В Петербурге, где каждому более или менее всегда что-нибудь очень нужно, все ездили на обеды Ягозина с большим увлечением. Выходя от пего, часто бранили его с таким же увлечением, находя, например, что он ничего не больше, как выскочка, и спаржа его несравненно тоньше, чем вчера у княгини Зинзивеевой; но Ягозин приобрел с летами философскую складку ума и мало обращал внимания на такие мелкие пересуды. Заметив успех своих обедов, он сделался строже в выборе своих гостей; разумеется, это только прибавило к числу желающих получить приглашение.

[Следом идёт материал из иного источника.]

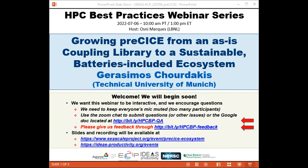I'm Osney Marquez from Lawrence Berkeley and will be the host for today's webinar, 'Growing preCICE from an as-is coupling library to a sustainable batteries-included ecosystem.' The webinar will be presented by Gerasimus Churdakis. Gerasimus is a doctoral candidate at the Technical University of Munich, where he takes the leading role in organizing the development operations of the preCICE ecosystem. This includes adapters for various solvers, tutorial cases, documentation, website and testing. He is also researching methods for geometric multi-scale coupling and teaching topics related to research software engineering. With that, Gerasimus, take control.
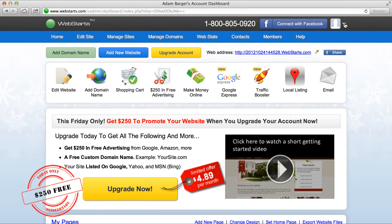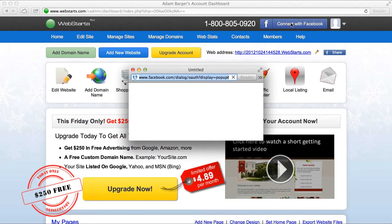The first thing you want to do is log in to your WebStarts account. Once you're logged in you'll be at the dashboard — that's the page we're looking at here — and then in the top right you'll see this button: Connect with Facebook.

В этот период времени Ягозин уже давно перестал танцевать; юркость была в нем все та же, несмотря на некоторую округленность живота; но она скорее перешла и установилась в его нравственной природе. К тому же танцы не шли уже к звезде, камергерскому ключу и ленте, которую, со свойственным ему тактом, носил он скромно под жилетом. В свете отдавался он висту; на балах предпочитал беседу, умея ее разнообразить до виртуозности; он мог начать с игривого скабрезного анекдота, перейти к глубокому в практическом смысле замечанию и кончить даже поэтическою мыслью. Все зависело от собеседника.

– М-г Ягозин, – сказала ему на бале подле меня графиня Ливенская, указывая на вальсирующую молодежь, – что вы на это скажете?…

– Да, графиня, – возразил он, подавляя вздох и с чувством расслабленной нежности в голосе, – да, и мы когда-то с вами так танцевали; теперь смотрю и восхищаюсь этой маленькой волшебницей, которую зовут вашей дочкой…

– Vous eles toujours charmant! – проговорила старая графиня, думая сейчас же пригласить Ягозина присесть на видное место и приступить с умным человеком к приятной беседе. Но умный человек быстро юркнул в толпу, гибко, как вьюн, скользнул между тесными рядами зрителей, – и вдруг… вдруг остановился, придав своему лицу выражение смиренной кротости и глубокого благоговения… Я посмотрел в ту сторону: из дверей выступала сановитая, влиятельная особа…

Таким видел я Ягозина в последний раз перед моим отъездом из Петербурга.